人と人の意思疎通は、human-logos(中枢言語)と音声記号(外的言語)がそろったときに可能になりますが、良い意味でも悪い意味でも、外的言語が共有されたときに、その社会に大きな力が働きます。
ここでいう外的言語とは、私たちが普段「言語」と呼んでいる日本語、英語、中国語という音声記号のグループ分けされたものを指します。一方、同じ社会の中で複数の外的言語が使われていると、力を合わせるのが難しくなります。
それで今現在、世界の多くのそのような国々では、英語を公用語と定め、学校教育も英語で行われています。またある国が他国を侵略し、植民地化するとき、ほとんどの場合、自国の言葉を強要したり、公用語にしたりします。日本も以前、朝鮮半島や台湾などで同じことをしました。

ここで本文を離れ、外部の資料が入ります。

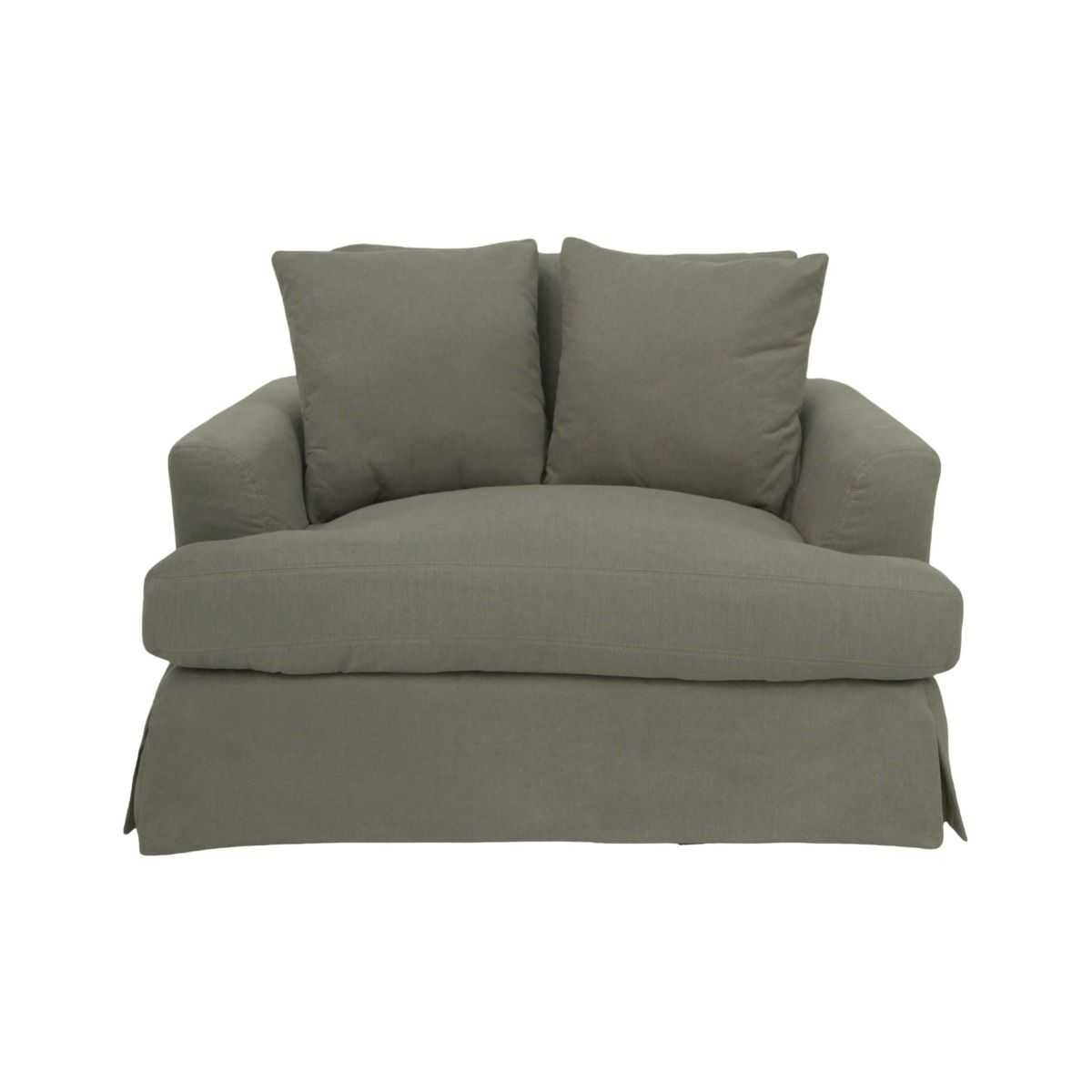 CR Kensington 1.5 Seater Fabric Armchair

言葉が共有され、リーダーの力が増すと、進む方向は2つしかありません。堕落か世界平和のどちらかですが、罪性を持つ人間は、神に背き堕落していく可能性の方がはるかに大きくなります。
創世記11章1~9節によると、人々が自分たちを神の地位に引き上げようとバベルの塔を築き始めたとき、外的言語は1つしかなかったようです。それで意思統一が図りやすく、堕落のスピードも上がっていきました。

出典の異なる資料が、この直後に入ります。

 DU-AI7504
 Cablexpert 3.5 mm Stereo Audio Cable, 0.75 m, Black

その動きを食い止める最も効果的な方法は、言葉の分化と民の分散でした。創世記11章のバベルの記事では、「互いに言葉が通じなくなったので、民が全地に分散した」のか、あるいは「民が全地に散り分断した結果、言葉が通じなくなった」のかは明記されていませんが、いずれにせよ、外的言語が多様化したことにより、意思疎通が難しくなり、バベルの塔の建設は頓挫しました。
今世界には数千の言語があり、方言も含めると何万という数になりますが、この多様化はバベルの出来事の結果ということもできます。あの時、バベルの塔の建設計画がなかったとしたら、もしかして今でも世界には1つの外的言語しかなく、外国語を学ぶ必要もなかったかもしれません。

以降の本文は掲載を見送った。